Nuclear graphite is a high purity synthetic graphite,usually known as electro-graphite, specifically manufactured for use as a fuel rod, moderator or reflector within nuclear reactors. Graphite as a moderator sustains the nuclear fission chain reaction and governs the operating life of the power plant. Graphite is an important material for the construction of nuclear reactors because of low absorption of neutrons,high thermal conductivity and high-temperature strength and stability. There are, in general, several requirements for nuclear graphite, including density (~1.8 g/cm³), crystallinity,thermal expansion coefficient (2.0~5.5×10^-6K^-1), strength(~20 MPa), high chemical purity, low reactivity in moisture(0.2~0.01 mg/g-h), and low absorption cross-section (4~5 mbarns). Among these properties, crystallinity is very important since it influences thermal conductivity, purity level, irradiation-induced modifications, dimension stability,and machinability [1-3].

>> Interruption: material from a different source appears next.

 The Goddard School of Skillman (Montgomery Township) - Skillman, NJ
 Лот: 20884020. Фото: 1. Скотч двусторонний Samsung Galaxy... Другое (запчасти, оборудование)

Nuclear graphite is a polygranular graphite consisting of graphitic carbon of very high chemical purity. High purity is needed to avoid absorption of low-energy neutrons and the production of undesirable radioactive species. Modern reactor graphites are also characterized by a high degree of graphitization and no preferred bulk orientation. Such isotropic properties increase the dimensional stability of the nuclear graphite at high temperatures and in a high flux of neutrons. The basic criteria in the classification of synthetic graphites are the grain size and forming process. Graphite is not a self-sintering material since it has a low self-diffusion coefficient, even at processing temperatures in the range 2000~3000^oC. A standard process for producing graphites includes the preparation of a filler and binder from raw materials, mixing, shaping, firing, and graphitization. The grain size of synthetic graphite is typically determined by the particle size of the filler [4,5].

Thermal emissivity of nuclear graphite is of great importance for rapid emission of heat, which is critical to cope effectively with the accident of nuclear reactor.Thermal emissivity varies with the nature of the material and its temperature as well as its physical condition, e.g.,roughness, cleanliness of surfaces, etc. Nonmetals, in general, have fairly high emissivities, although the values decrease with increasing temperature. The emissivity of graphite approaches unity at temperatures up to about 530^oC,so that it approximates a black body. It is therefore a good emitter and absorber of thermal radiation [6]. Although thermal emissivity is an intrinsic physical property of materials, it is affected significantly by the surface conditions[7-10]. However Systematic and quantitative data on the relationship between the thermal emissivity and surface morphology and roughness have not yet been reported in the literature [8,11,12].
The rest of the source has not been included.